異世界スナイパーは缶コーヒーがお好き。
第四回なろうラジオ大賞参加作品第六弾!
依頼人によれば、半月前。
依頼人が通う学園に聖女が来たそうな。
この国の風習は知らんが。
依頼人の話では、この国では、瘴気が北東より流れ込む五十年おきに聖女――聖属性魔法に特化した女性が産まれるらしく、国はその女性を瘴気対策のために探して、そして見つけ次第、瘴気をどうにかできる実力を身に付けさせる為、依頼人が通ってる学園に入学させるそうだが……。
「コーヒーどうぞ」
「コーヒーどうも」
相棒が買ってきた缶コーヒーを受け取り、一口含んで俺は、木枯らしが吹く中を相棒と共に並び。
そして俺は狙撃銃を。
相棒は双眼鏡を手にし。
標的たる、その聖女へ照準を合わせる。
「距離四三二八m。風速三m。追い風。発射修正角度四分半」
すぐに修正。
狙いは聖女の首元……十字線がそこを捉える。
遠距離狙撃は二人組の方が効率良い。
一人では分からない部分をすぐ補える。
「照準良し」
「撃て」
直後、消音魔法で発射音を消され魔弾は放たれる。
そしてそれは、狙い通り聖女の首元へ。
聖女が張っている結界とかあるらしいが、それについては魔弾に聖属性の魔力をコーティングしたため楽々突破。
俺の放った魔弾は見事に聖女の首元に命中。
しかし聖女の首から血は流れない。当然だ。
魔弾は極小の針で、命中後は血液に溶ける特別製。
さらにその針には、その聖女にとっては嬉しい特典が……おっと、早くも効果が出たな。
突如彼女の周囲にいた男性――彼女が籠絡した貴族令息や騎士団長の息子が豹変し、彼女を押し倒し、服を強引に破るように脱が……これ以上は見ちゃいられないな。
依頼人が俺達狙撃屋にした依頼は暗殺ではない。
依頼人の婚約者を始めとする令息を籠絡し輪を乱す聖女と、自分達を捨てた令息を失墜させてほしいというモノだ。
そしてそのために、俺は特製の魔弾を生み出した。
着弾者の魅力を極限まで。

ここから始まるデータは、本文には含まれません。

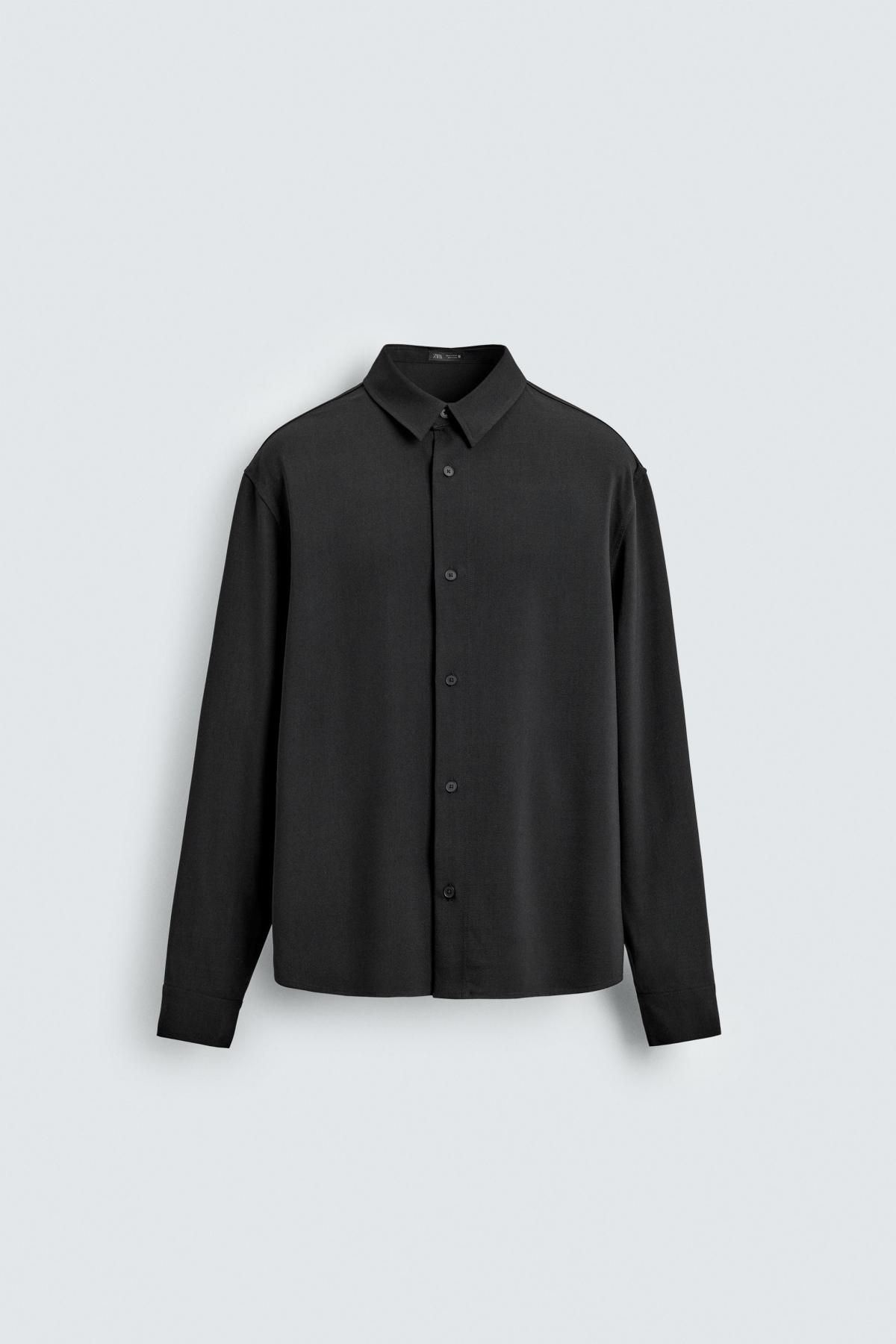 자라 미니멀 릴렉스핏 테크니컬 긴팔 셔츠 5854/120 BLACK - 메인 이미지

それこそサキュバス並みに高める魔弾を。
これを受けた者を前にした異性は、全てを出し切るまで正気には戻らない。
ちなみに、彼女らがいるのは学園内の一室だが、そこにはあらかじめ、依頼人を始めとする聖女に婚約者を取られた令嬢の張った結界があるため音は外に出ない。
聖女は心ゆくまで濃厚な逆ハーを楽しめるってワケだ。
「全く。逆ハーのどこが良いんだか」
俺の相棒――奥さんが溜め息を吐く。
「全員落としても、最後は一人を決めなきゃなのに」
「全くだ」
俺も溜め息を吐いた。
「というかそれ以前に、ハーレムなんて疲れるだけだ」
いやホント。
逆ハーを狙っている、一部の脳内お花畑系の正規主人公は、原作ゲーム内のシナリオの後の事を考えているかねぇ?